The Impact Of Coronavirus On The Healthcare Industry

News about a deadly virus that appeared in Wuhan, China in December 2019 (now called “coronavirus disease 2019”, or “COVID-19”) is everywhere as the number of cases rises.

As of February 23, there have been 35 confirmed cases in the United States, according to the World Health Organization (WHO). And it is not even known how many people are infected.

More cases in the U.S. are likely to be identified in the coming days, and providers and hospitals may not know exactly how to react to the new challenges. There is no vaccine to protect against COVID-19 and no medications approved to treat it.

“On January 30, 2020, the International Health Regulations Emergency Committee of the World Health Organization declared the outbreak a “public health emergency of international concern” (PHEIC). On January 31, 2020, Health and Human Services Secretary Alex M. Azar II declared a public health emergency (PHE) for the United States to aid the nation’s healthcare community in responding to COVID-19.”

(source: https://www.cdc.gov/coronavirus/2019-nCoV/summary.html)

Healthcare IT vendors are updating their software to better identify patterns and potential signs of problems. Vendors such as Epic, Athenahealth and intersystems are rolling out software updates to help providers better detect and monitor potential cases.

“Epic has updated its standard travel screening questionnaire to identify possible cases, drawing on coronavirus guidance from the Centers for Disease Control and Prevention. The goal: to ensure clinicians and other frontline medical staff ask patients about recent international travel and relevant symptoms that could prompt isolation precautions.”

(source: https://healthtechmagazine.net/article/2020/02/5-ways-healthcare-tech-helping-tackle-coronavirus )

Unfortunately, cyber criminals are using the coronavirus as an opportunity to launch emailed-based cyber-attacks, according to security specialist Proofpoint.

(source: https://www.healthcareitnews.com/news/coronavirus-outbreak-used-hackers-spread-malware)

Shares of American biotech firm Gilead Sciences rose 3% after an official from the WHO said that one of Gilead’s drugs is showing signs that it may be able to help treat the deadly coronavirus.

Pharmaceutical giants Johnson & Johnson and GlaxoSmithKline are also working on vaccines, as well as smaller drug companies.

(source: https://www.theatlantic.com/health/archive/2020/02/covid-vaccine/607000/)

In today’s world, data, technology and connectivity are highly advanced.
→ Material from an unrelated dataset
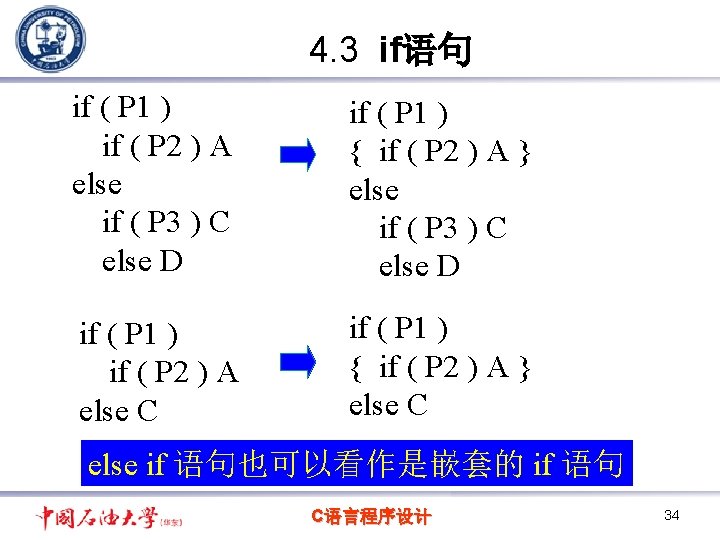4. 3 if语句 if ( P 1 ) if ( P 2 ) A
Apps on our phones are leveraging the power of AI and machine learning to provide accurate, real-time insight into a wide range of health measurements. We can use remote healthcare solutions like never before. Just think about health scans at airports, allowing any suspect markers or vitals to be flagged immediately and increasing the chances of sooner treatment and a full recovery.

(source: https://www.mobihealthnews.com/news/coronavirus-prevention-may-be-your-pocket)

Tools that enable clinicians to streamline care delivery are helping some doctors more quickly diagnose coronavirus cases, provide virtual care and prevent the virus’s spread. By testing more people and sharing more information faster during an epidemic, officials are more likely to slow a contagious disease, regardless of its origin or severity.

(source: https://healthtechmagazine.net/article/2020/02/5-ways-healthcare-tech-helping-tackle-coronavirus )

History shows us that epidemics will continue to evolve. Due to mass travel they are spreading faster and further. It’s hard to say how widespread the coronavirus outbreak will become or what overall or long-term impact it will have on the healthcare industry.

As we move deeper into digital transformation, we need a solution for not only minimizing illness but also public panic and economic crises that inevitably go hand in hand with a health epidemic.

(source: https://www.mobihealthnews.com/news/coronavirus-prevention-may-be-your-pocket )

One thing is clear: This situation is dangerous, and it might not be going away soon.